Please output the listing that follows exactly, but keep all images out.

▶ [MATERIAL PROVIDED]
== Segment start ==

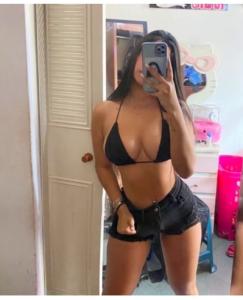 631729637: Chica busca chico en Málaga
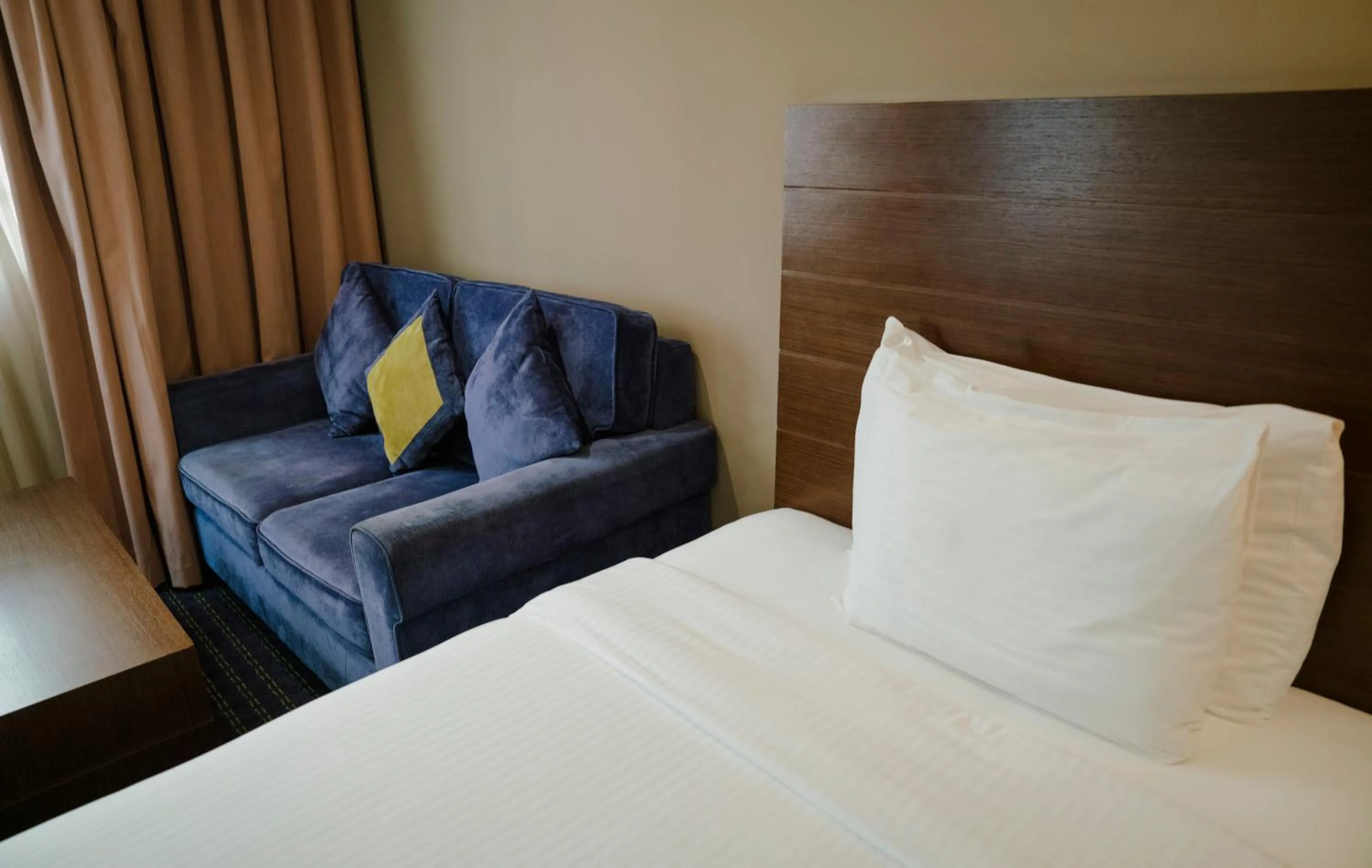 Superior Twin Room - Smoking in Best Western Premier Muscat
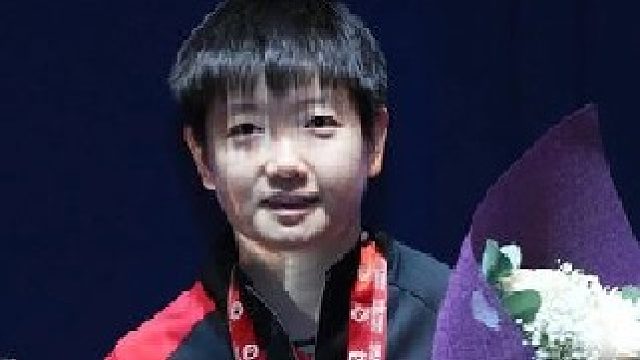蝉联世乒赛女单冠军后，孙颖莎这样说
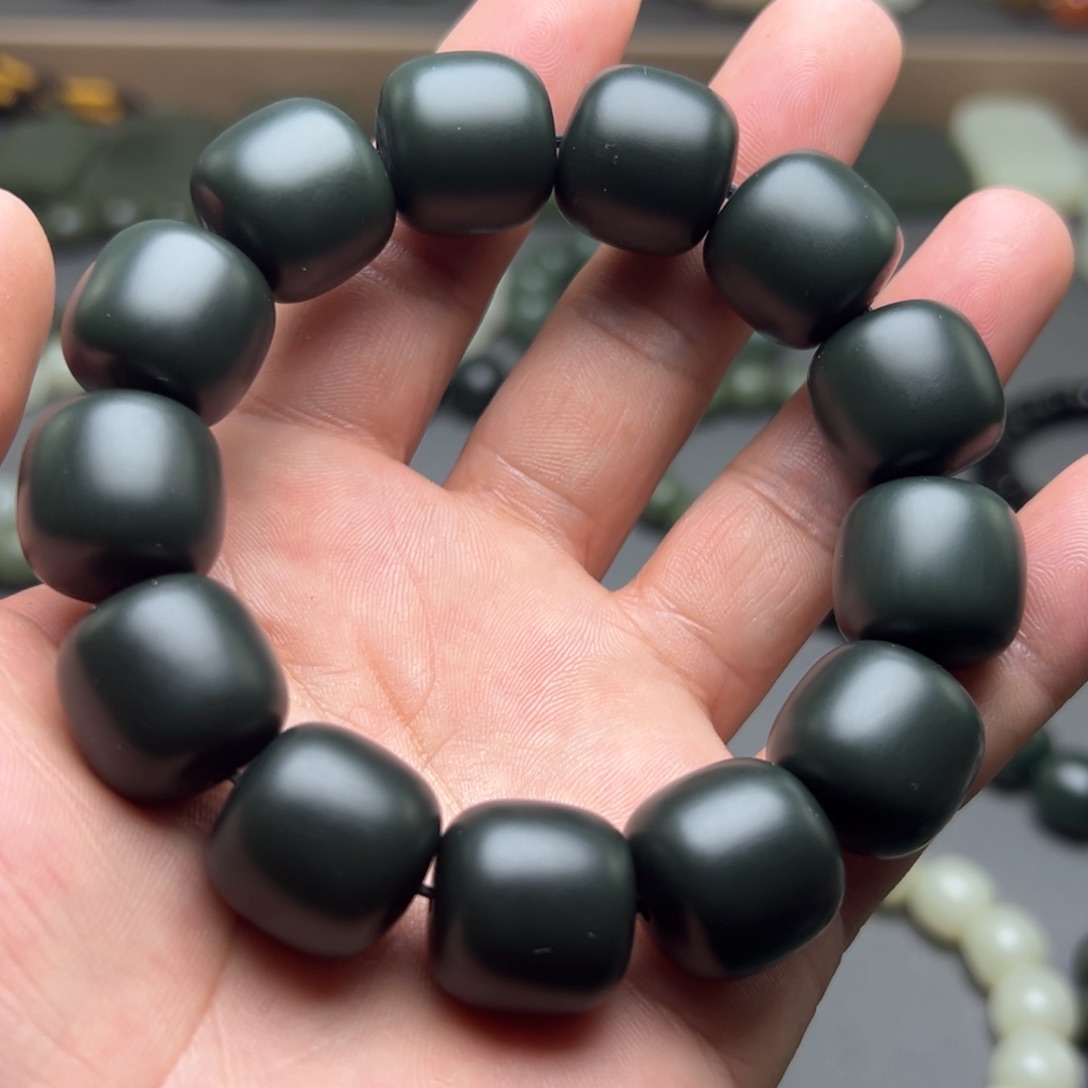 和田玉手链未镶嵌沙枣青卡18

== Segment end ==

▶ [RESPONSE]
 631729637: Chica busca chico en Málaga
 Superior Twin Room - Smoking in Best Western Premier Muscat
蝉联世乒赛女单冠军后，孙颖莎这样说
 和田玉手链未镶嵌沙枣青卡18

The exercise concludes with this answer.